Spanish Government plans to halve the Catalan Public Television Broadcaster’s channel frequencies


Barcelona (ACN).- The Catalan Executive raised the alarm on Monday: the Spanish Ministry of Industry is planning to take away 1 of the 2 multiplexes run by the Catalan Public Television Broadcaster (called Televisió de Catalunya, TVC). By halving the spectrum available for Catalan public TV – which is traditionally the leader in Catalonia by audience share – the Spanish Government will oblige the broadcaster to reduce its number of channels to a maximum of 4 (since there are 4 channels in each multiplex). The Spanish Government’s decision would mean a reduction in TVC’s channels, making the broadcaster either cut out its HD emissions, decrease the presence of cultural content, eliminate its sports channel or no longer offer TV channels from other Catalan-speaking areas, mainly the Balearic Islands and Valencia. This would decrease TVC’s audience and therefore its influence, as it would lose content and competitors would continue to broadcast in HD. Therefore, this might also bring a reduction in advertising income and a consequent weakening of public service broadcasting and the presence of Catalan language and culture in the media landscape. The Catalan Government sees “an undoubted” political motivation in this decision, aiming to decrease the influence of Catalan-speaking media by rendering TVC “residual” in the current self-determination debate. In fact, Spanish nationalists have been criticising Catalonia’s Public TV Broadcaster for years because they say it fosters Catalan national identity. However, TVC had been for many years the only television in Catalan language and it played an essential role in normalising Catalan after the Franco Dictatorship’s repression.

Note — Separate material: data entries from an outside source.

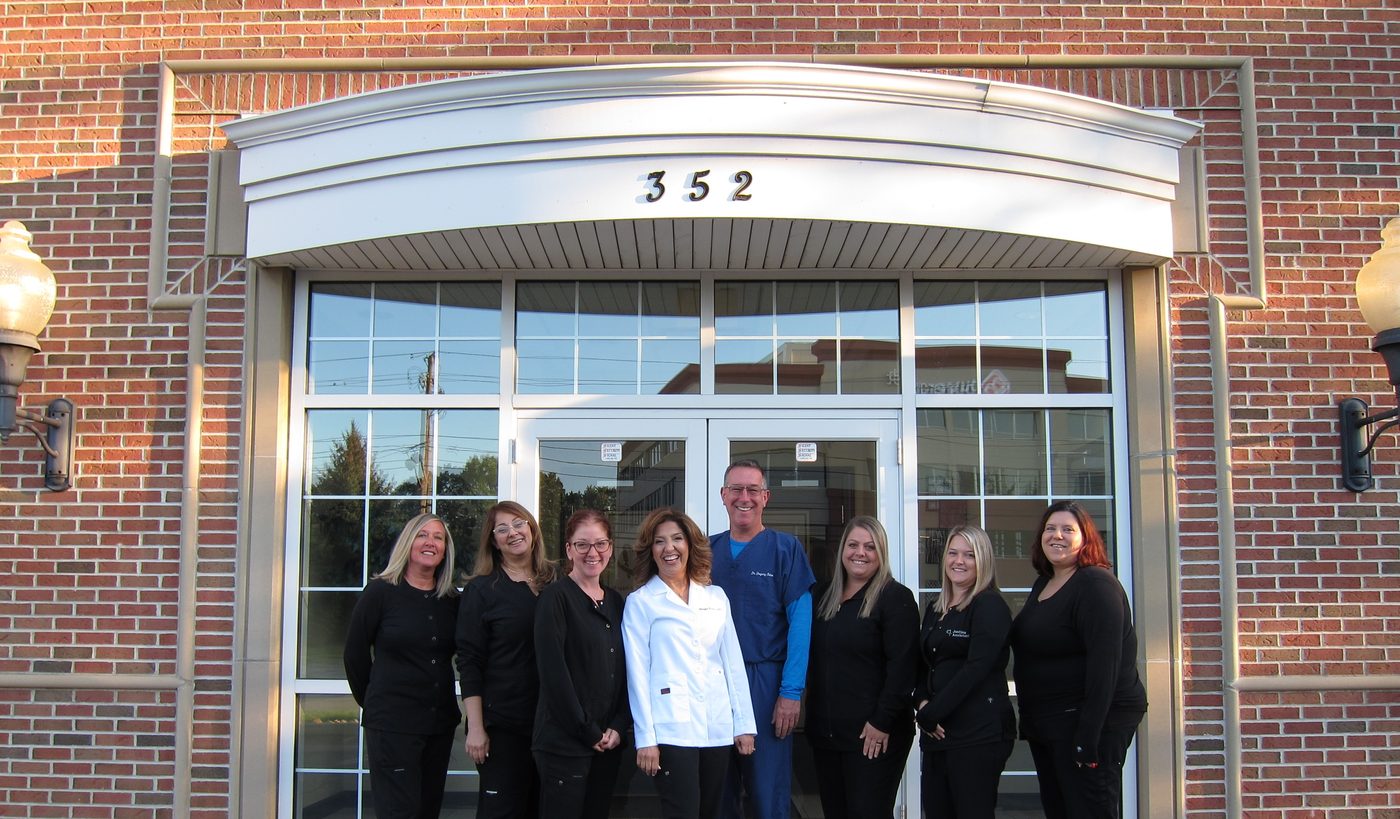 Dr. Maggie A. Kleem and the full dental team outside 352 W. Bagley Rd., Berea, Ohio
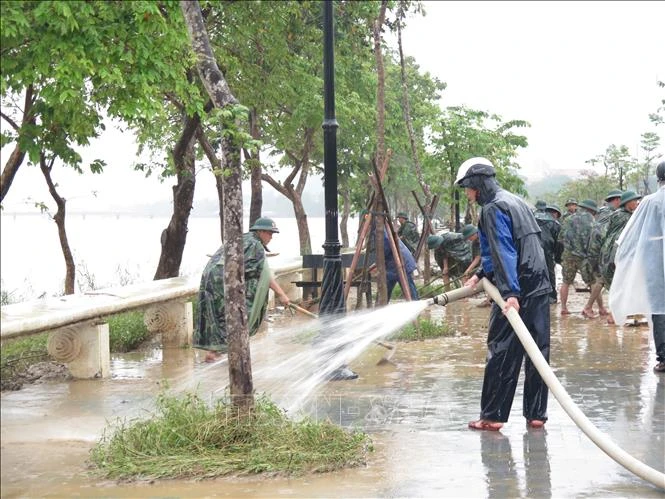 Các lực lượng dọn dẹp bùn đất tại khu vực 2 bên bờ sông Hương. Ảnh: Tường Vi - TTXVN
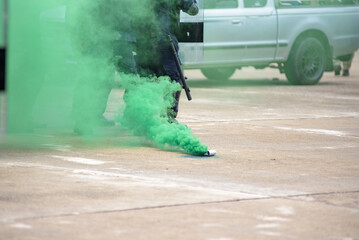 Fototapeta premium Riot police clashed with the protesters using smoke bombs
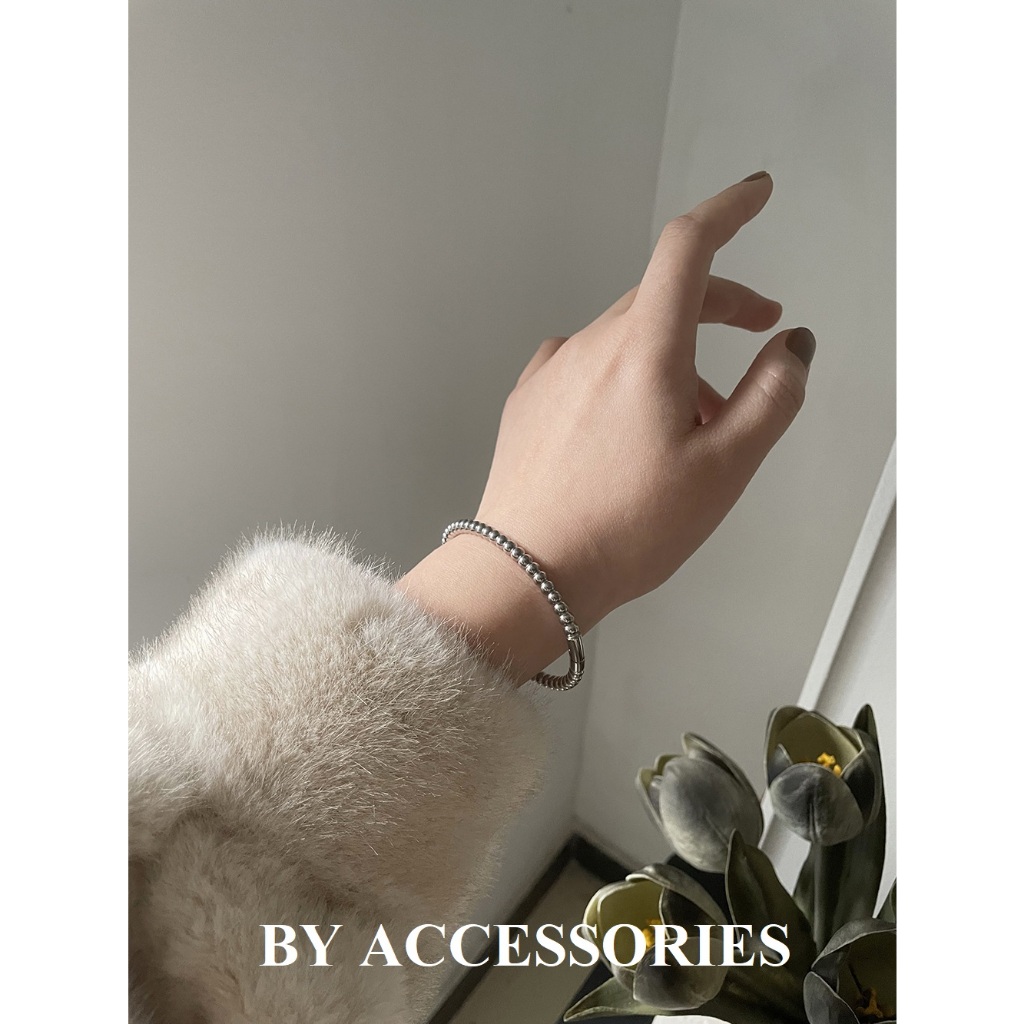 Vòng tay nữ unisex titan bi tròn có khóa mở không gỉ CF13 BY ACCESSORIES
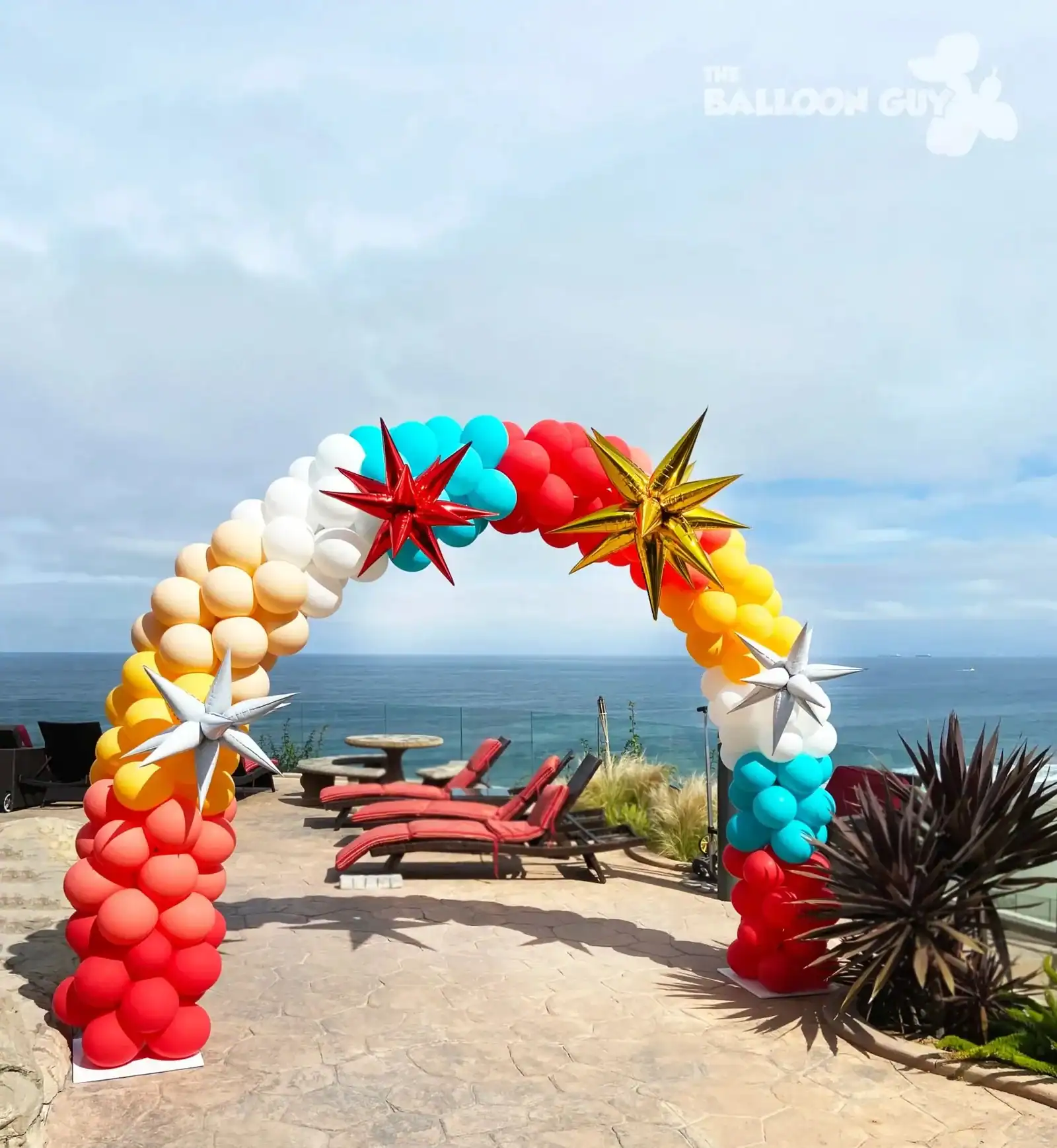 A balloon arch in red, white, yellow, and blue with metallic star decorations stands on a patio overlooking the ocean in Los Angeles, perfect for corporate event balloon decor amidst lounge chairs and plants.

The Catalan Government sees a political motivation behind the decision

In the current debate about self-determination and independence from Spain, the Spanish Industry Ministry’s plans are far from being “a technical matter”, according to the Spokesperson for the Catalan Government and Minister for the Presidency, Francesc Homs. The decision is, “without any doubt”, politically motivated, he stated. Homs emphasised the fact that the current TV offer in Catalan language in Catalonia represents between 22% and 24% of the entire free-to-view offer. By including pay-per-view platforms, satellite and international TV channels this share is much smaller. Therefore, the reduction of TVC channels will reduce this share even further.

For this reason, Homs sent a message to the political parties who claim to defend “bilingualism”, which are the Spanish nationalist parties that are criticising the use of Catalan as the language of instruction in schools, following the linguistic immersion principle. Ironically, Homs asked for their support to defend TVC, knowing beforehand they will not do it. He was referring to the People’s Party (PP) – which runs the Spanish Government – and the anti-Catalan nationalism Ciutadans (C’s). Homs’ call was a way to underline the contradictions of those claiming to defend bilingualism but supporting to reduce the presence of Catalan language in TV below 22%.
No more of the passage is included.